Your goal: Each record that follows should be duplicated exactly, except for its pictures.

Supplied data:
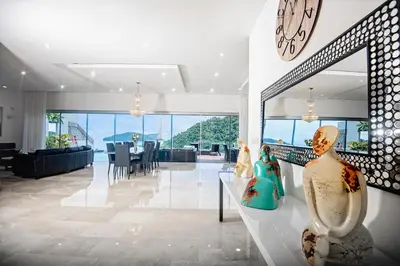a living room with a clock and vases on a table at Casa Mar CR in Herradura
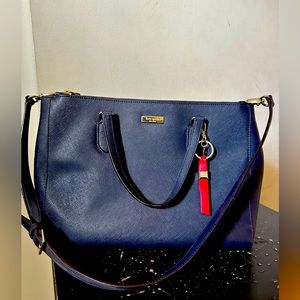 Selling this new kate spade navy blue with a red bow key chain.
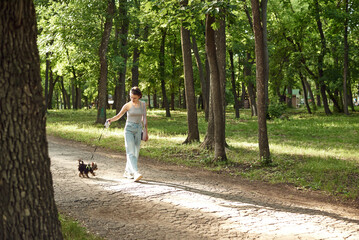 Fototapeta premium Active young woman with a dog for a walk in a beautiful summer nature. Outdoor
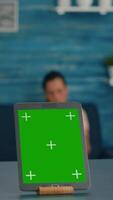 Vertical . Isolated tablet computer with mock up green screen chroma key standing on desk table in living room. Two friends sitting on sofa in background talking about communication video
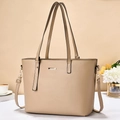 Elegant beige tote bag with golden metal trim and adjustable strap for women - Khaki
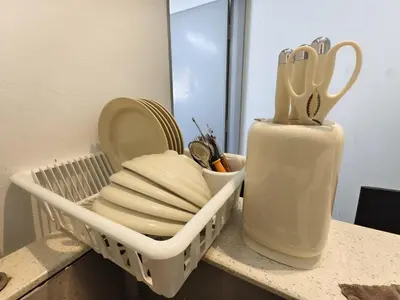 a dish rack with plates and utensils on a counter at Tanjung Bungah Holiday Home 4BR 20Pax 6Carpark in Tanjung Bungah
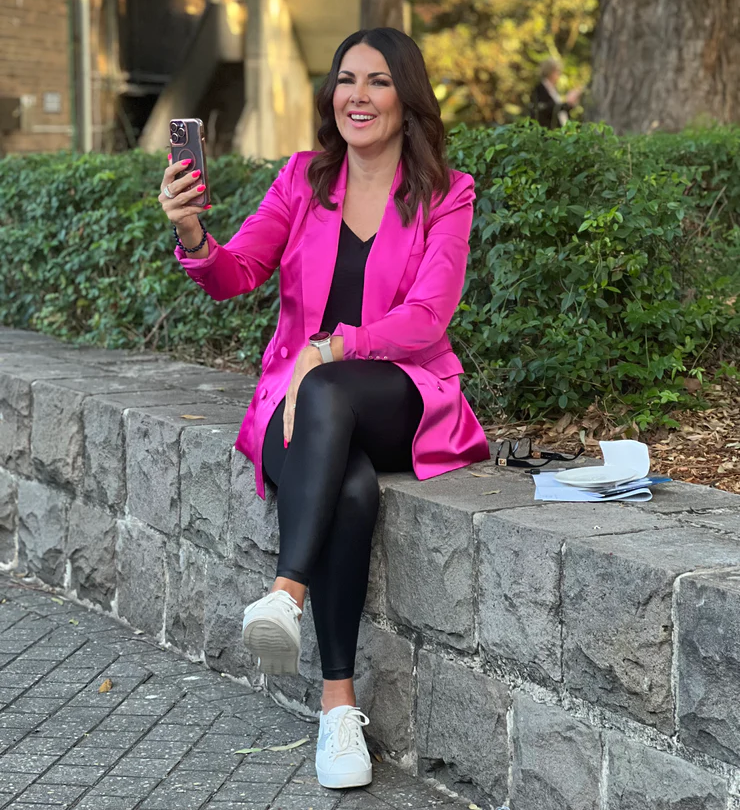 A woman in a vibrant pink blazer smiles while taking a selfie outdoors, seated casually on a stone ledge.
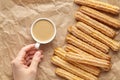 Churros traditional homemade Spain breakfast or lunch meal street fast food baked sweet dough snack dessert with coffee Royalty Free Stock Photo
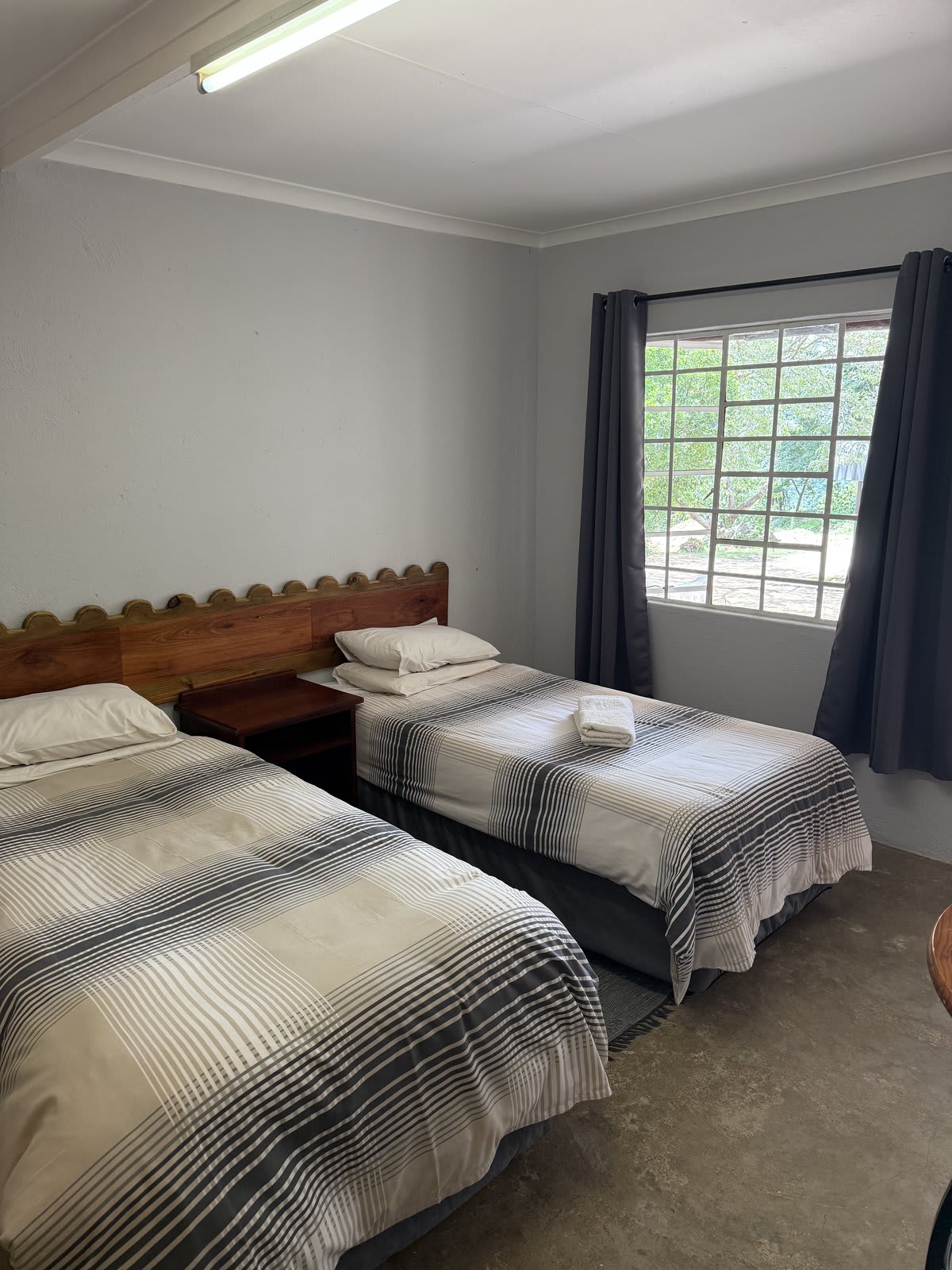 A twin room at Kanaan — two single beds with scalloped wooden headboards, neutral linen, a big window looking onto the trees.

Response to this exercise:
a living room with a clock and vases on a table at Casa Mar CR in Herradura
 Selling this new kate spade navy blue with a red bow key chain.
 Fototapeta premium Active young woman with a dog for a walk in a beautiful summer nature. Outdoor
 Vertical . Isolated tablet computer with mock up green screen chroma key standing on desk table in living room. Two friends sitting on sofa in background talking about communication video
 Elegant beige tote bag with golden metal trim and adjustable strap for women - Khaki
 a dish rack with plates and utensils on a counter at Tanjung Bungah Holiday Home 4BR 20Pax 6Carpark in Tanjung Bungah
 A woman in a vibrant pink blazer smiles while taking a selfie outdoors, seated casually on a stone ledge.
 Churros traditional homemade Spain breakfast or lunch meal street fast food baked sweet dough snack dessert with coffee Royalty Free Stock Photo
 A twin room at Kanaan — two single beds with scalloped wooden headboards, neutral linen, a big window looking onto the trees.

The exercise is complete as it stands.